凄惨な事件ではあるけど、40年前の事件だし、御手洗と石岡くんの会話はゆるいし、するする読めた。

3つの事件があって、それぞれでは犯人候補がいるけれど……3つ共通の犯人が見つからない。

初期情報では謎が解けない……そんな中で追加情報が与えられ、第2の事件には共犯にされた人物がいることが分かる。
そして第2の事件が第3の事件へつながっていく……。


いや〜〜〜これは上手い。

40年前の事件、日本中が謎解きに躍起になったが解けなかった……。
そんなことある?!と思うけど、追加情報がないと誰だって「犯人は男」だと思うよな〜〜〜。

追加情報がないから日本中の人が謎解きできなかった。
でも、不完全な情報であってもアゾートの謎単体は解けるというのがこの小説の面白いところだと思う。

このアゾートトリックは過去に金田一少年に模倣されていて、私は過去にそれを読んでるはずなんだがまったく思い出さず、御手洗が一万円札詐欺の話をしだしてから思い出しました。

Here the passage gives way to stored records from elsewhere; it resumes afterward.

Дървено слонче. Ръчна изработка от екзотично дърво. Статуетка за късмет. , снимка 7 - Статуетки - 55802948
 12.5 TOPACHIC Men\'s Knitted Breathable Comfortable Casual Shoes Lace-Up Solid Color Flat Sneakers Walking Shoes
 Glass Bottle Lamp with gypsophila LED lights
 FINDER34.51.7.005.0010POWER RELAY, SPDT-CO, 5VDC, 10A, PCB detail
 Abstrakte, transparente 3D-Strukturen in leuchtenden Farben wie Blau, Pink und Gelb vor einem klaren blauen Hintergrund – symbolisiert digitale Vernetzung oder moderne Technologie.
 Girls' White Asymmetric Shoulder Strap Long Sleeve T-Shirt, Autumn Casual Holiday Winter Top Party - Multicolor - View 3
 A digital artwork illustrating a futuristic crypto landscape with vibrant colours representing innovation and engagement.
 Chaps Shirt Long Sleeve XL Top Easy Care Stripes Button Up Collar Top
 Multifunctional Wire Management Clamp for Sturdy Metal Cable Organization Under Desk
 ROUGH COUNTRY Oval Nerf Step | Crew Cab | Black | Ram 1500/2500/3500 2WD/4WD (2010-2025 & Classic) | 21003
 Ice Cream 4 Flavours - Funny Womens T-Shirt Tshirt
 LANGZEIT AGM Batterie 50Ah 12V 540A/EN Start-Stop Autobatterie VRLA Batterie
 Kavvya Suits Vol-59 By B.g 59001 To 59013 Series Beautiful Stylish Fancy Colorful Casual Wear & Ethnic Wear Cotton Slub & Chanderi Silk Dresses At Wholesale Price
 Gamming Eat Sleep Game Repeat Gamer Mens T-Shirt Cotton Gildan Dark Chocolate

あ〜〜〜〜〜!!

島田先生が一万円札詐欺から思いついたトリックだから当たり前だけど、このヒントが本当にフェアだから、挑戦状叩きつけられてもぐうの音もでない。
本当に見事なトリックである。

この小説では「事実を見る」ことの大切さを御手洗が説いていて、手記に惑わされず起こった事実だけを見ていくと犯人が自ずと浮かび上がってくるんですよね。

ここまで鮮やかな完全犯罪を行ったにもかかわらず、犯人が望む結果が得られなかったのがなんとも……。
捕まらなかったけど、罪に値する罰が与えられたなと。

石岡くんの探索パート、まるまる無駄足で不要なんだけど、ここが結構好きだったりする。

恐ろしいアゾートに魅了されてしまった人たち。
カピカピのミイラみたいなのがどこかに存在すると信じて探し続けた人がいっぱいいるんだろうな。

トリック、構成、犯人の悲哀、すべてが完璧な作品だと思いました。
読んで良かった。

ここから御手洗シリーズにハマり、斜め屋敷、異邦の騎士と読んでいくのですが、それらの感想は気が向いたら。


いや〜〜〜、フェリーで読んだので怖さが増大しましたね。